The straight-printing machine has a conditioning unit that coats substrates with a fluid to assist ink droplets emitted by the Fujifilm printheads. Technical and application details were scant, but Heidelberg indicated that Primefire’s ability to process heavy stocks make it a platform that will be targeted at short-run and customized packaging. Journalists saw the Primefire 106 in live operation at Heidelberg R&D center during the briefing, and the device is to be shown running at Heidelberg’s stand at drupa. Commercial availability is expected to begin next year.
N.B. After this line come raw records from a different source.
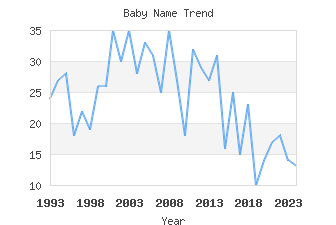 Baby Name Popularity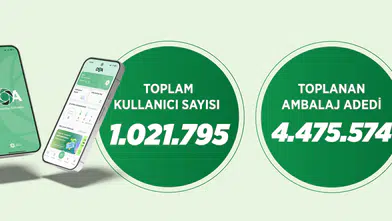 DOA ile 2 günde 4,5 milyon ambalaj toplandı
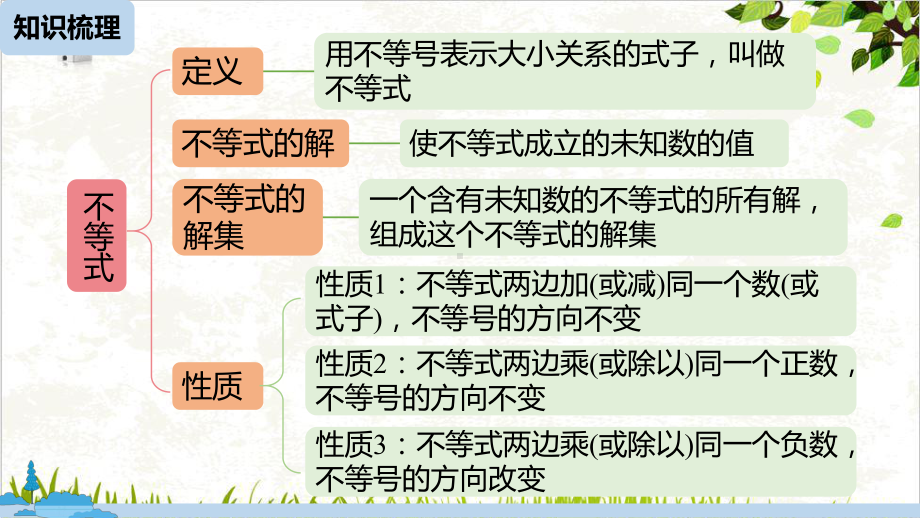 人教版《不等式与不等式组》优秀课件初中数学.pptx_第2页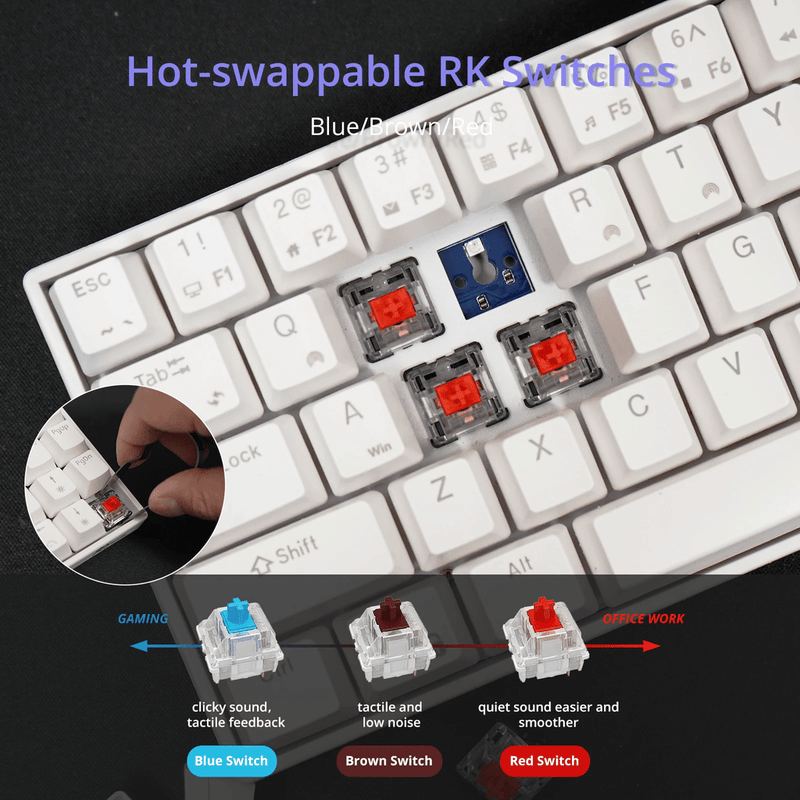 Royal Kludge RK71 RGB Dual Mode Hot Swappable Mechanical Keyboard White (Blue Switch)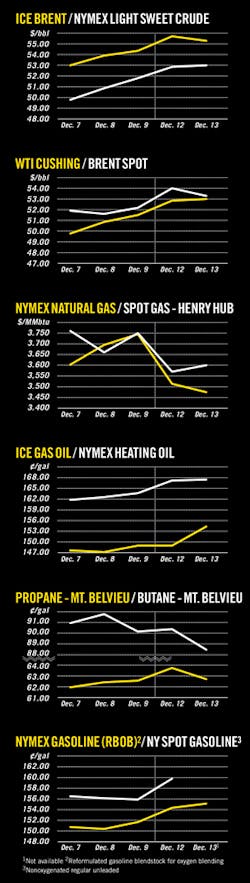 161219ogj 8 161219ogj 8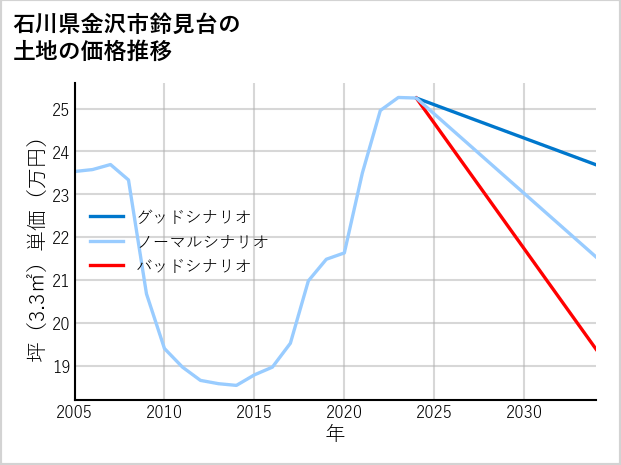 石川県金沢市鈴見台の土地価格推移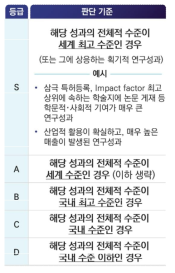 현행 성과 우수성 판단 기준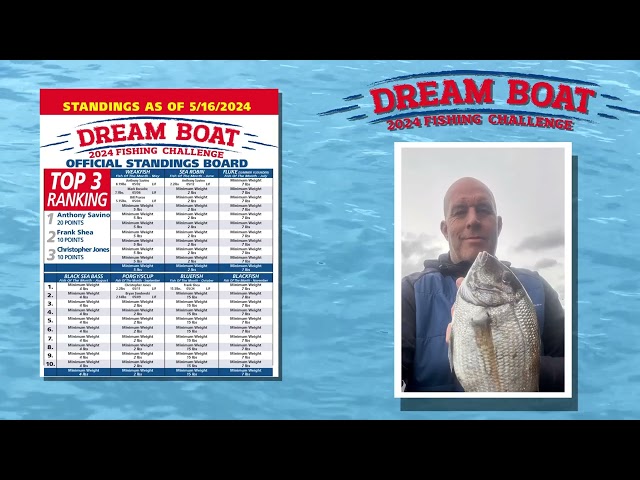 The Fisherman Dream Boat Standings as of May 16th, 2024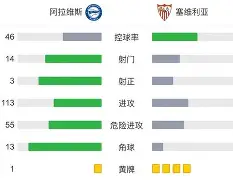 开云在线登陆入口-巴列卡诺vs塞维利亚赛事分析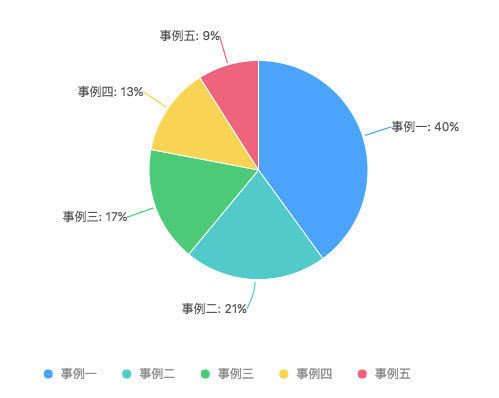 数据可视化大屏案例链接 大屏可视化数据图表_数据_10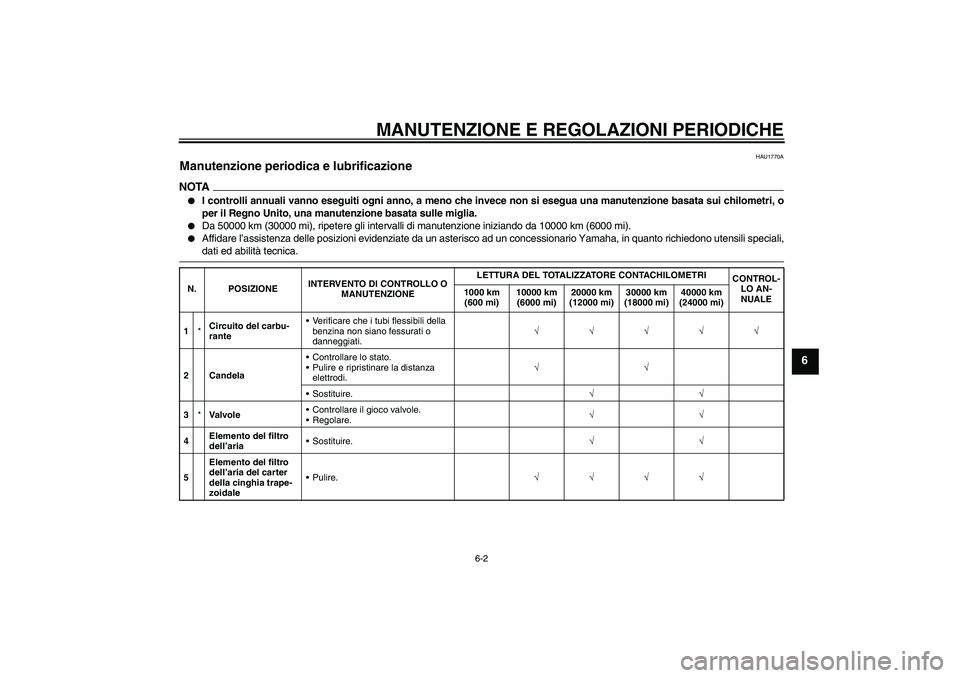 YAMAHA XCITY 250 2009 Manuale duso (in Italian) MANUTENZIONE E REGOLAZIONI PERIODICHE
6-2
6
HAU1770A
Manutenzione periodica e lubrificazione NOTA
I controlli annuali vanno eseguiti ogni anno, a meno che invece non si esegua una manutenzione basata YAMAHA XCITY 250 2009 Manuale duso (in Italian) MANUTENZIONE E REGOLAZIONI PERIODICHE
6-2
6
HAU1770A
Manutenzione periodica e lubrificazione NOTA
I controlli annuali vanno eseguiti ogni anno, a meno che invece non si esegua una manutenzione basata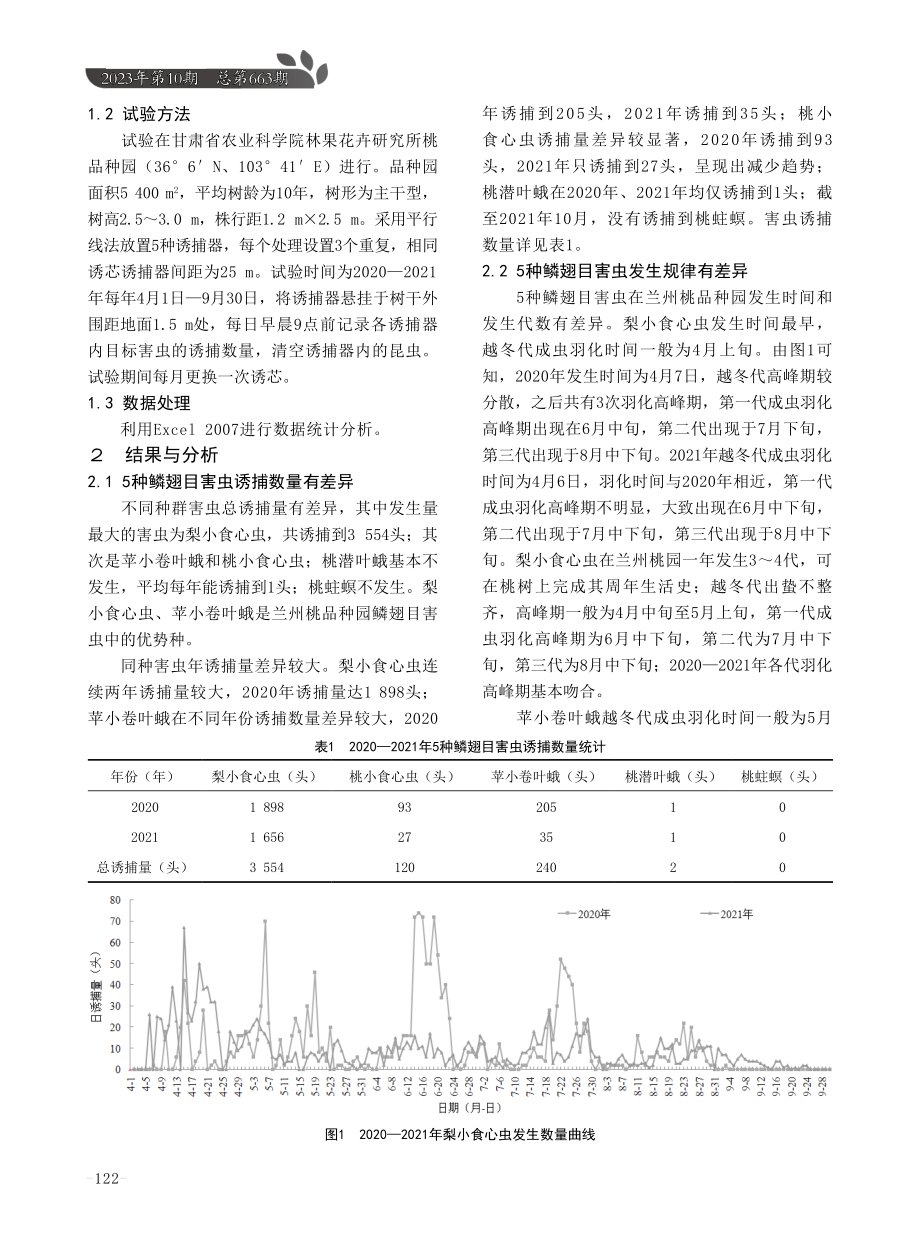 兰州生草桃园5种主要鳞翅目害虫发生规律调查.pdf_第2页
Heidelberg asked the journalists not to characterize the two-day briefing as a digital presentation inasmuch as the program included other product news and went into unusually deep detail about the company’s general business strategies. But, the event marked the start of a concerted digital push the likes of which Heidelberg has never attempted before. That was the bellwether news from Germany last week, and more is to come. Watch for a full report next week and extended coverage of Heidelberg’s digital portfolio at drupa.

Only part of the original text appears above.